Exact reproduction of every record is required, and pictures are to be excluded.

===== DATA PROVIDED =====

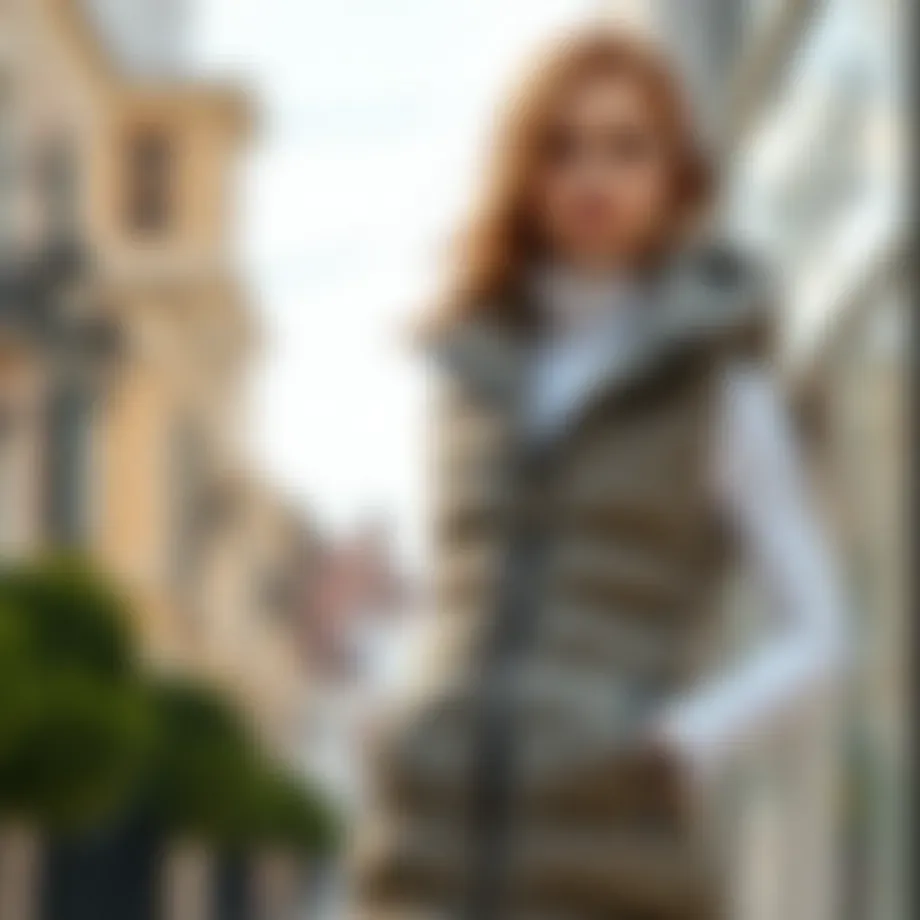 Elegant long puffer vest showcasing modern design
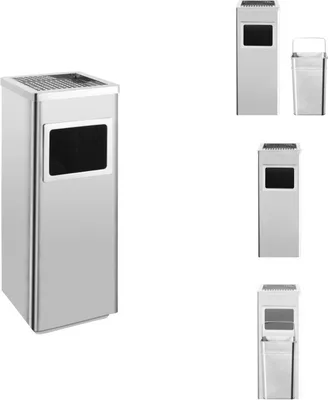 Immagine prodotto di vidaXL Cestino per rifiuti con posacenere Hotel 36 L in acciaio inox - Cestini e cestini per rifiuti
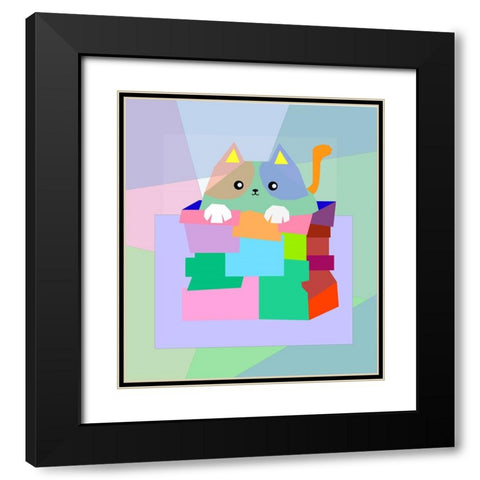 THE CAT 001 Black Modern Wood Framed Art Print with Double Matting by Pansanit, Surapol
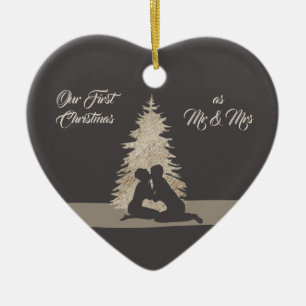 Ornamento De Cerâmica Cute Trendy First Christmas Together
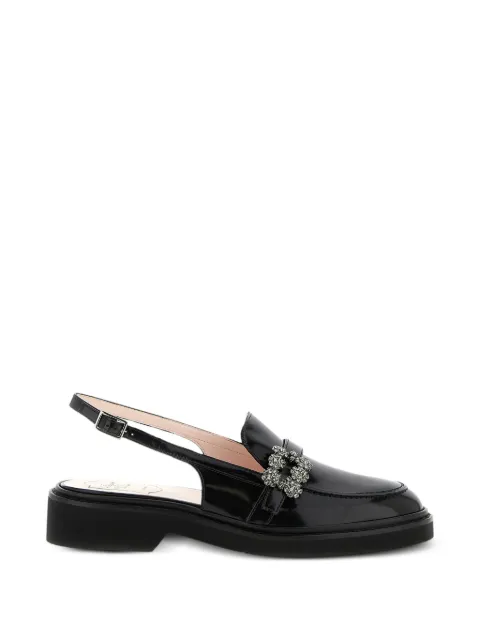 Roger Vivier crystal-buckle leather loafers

=====

• [YOUR RESPONSE]:
 Elegant long puffer vest showcasing modern design
 Immagine prodotto di vidaXL Cestino per rifiuti con posacenere Hotel 36 L in acciaio inox - Cestini e cestini per rifiuti
 THE CAT 001 Black Modern Wood Framed Art Print with Double Matting by Pansanit, Surapol
 Ornamento De Cerâmica Cute Trendy First Christmas Together
 Roger Vivier crystal-buckle leather loafers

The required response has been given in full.